● Task brief
Retype only the lines below from the one with "BLUE JADE Ladies" to the one with "Legislatura: actualizan jubilaciones", inclusive, skipping every image.

● Supplied records
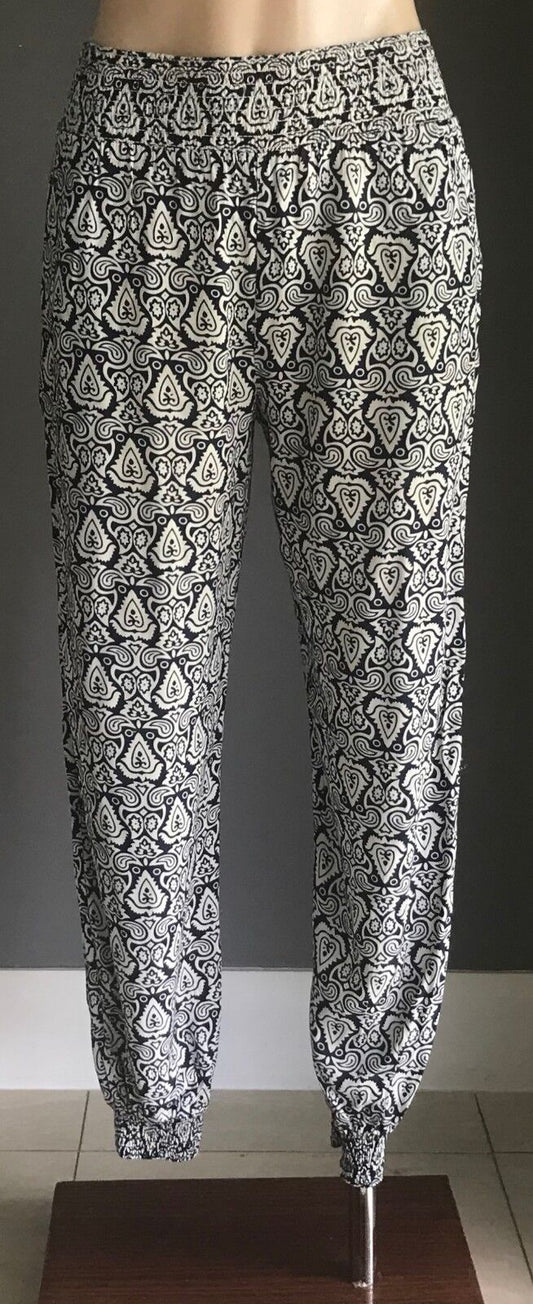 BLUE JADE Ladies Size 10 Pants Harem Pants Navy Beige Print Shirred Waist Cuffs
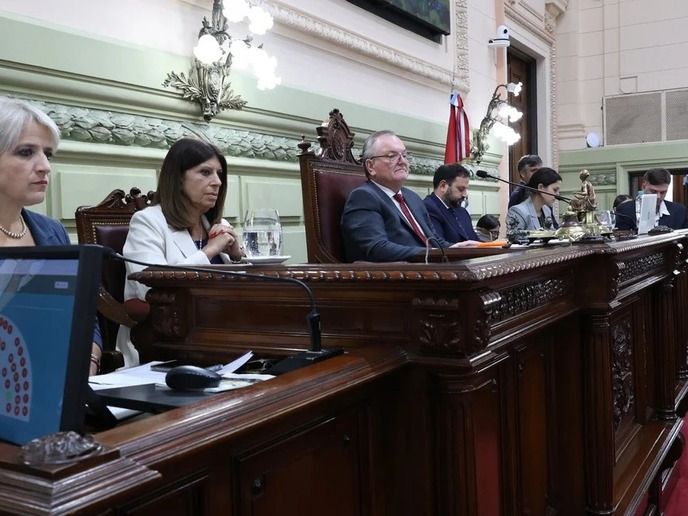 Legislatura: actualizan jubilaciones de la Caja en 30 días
---
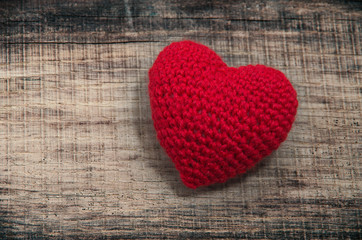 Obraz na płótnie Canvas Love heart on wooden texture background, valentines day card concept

● Expected output
 BLUE JADE Ladies Size 10 Pants Harem Pants Navy Beige Print Shirred Waist Cuffs
 Legislatura: actualizan jubilaciones de la Caja en 30 días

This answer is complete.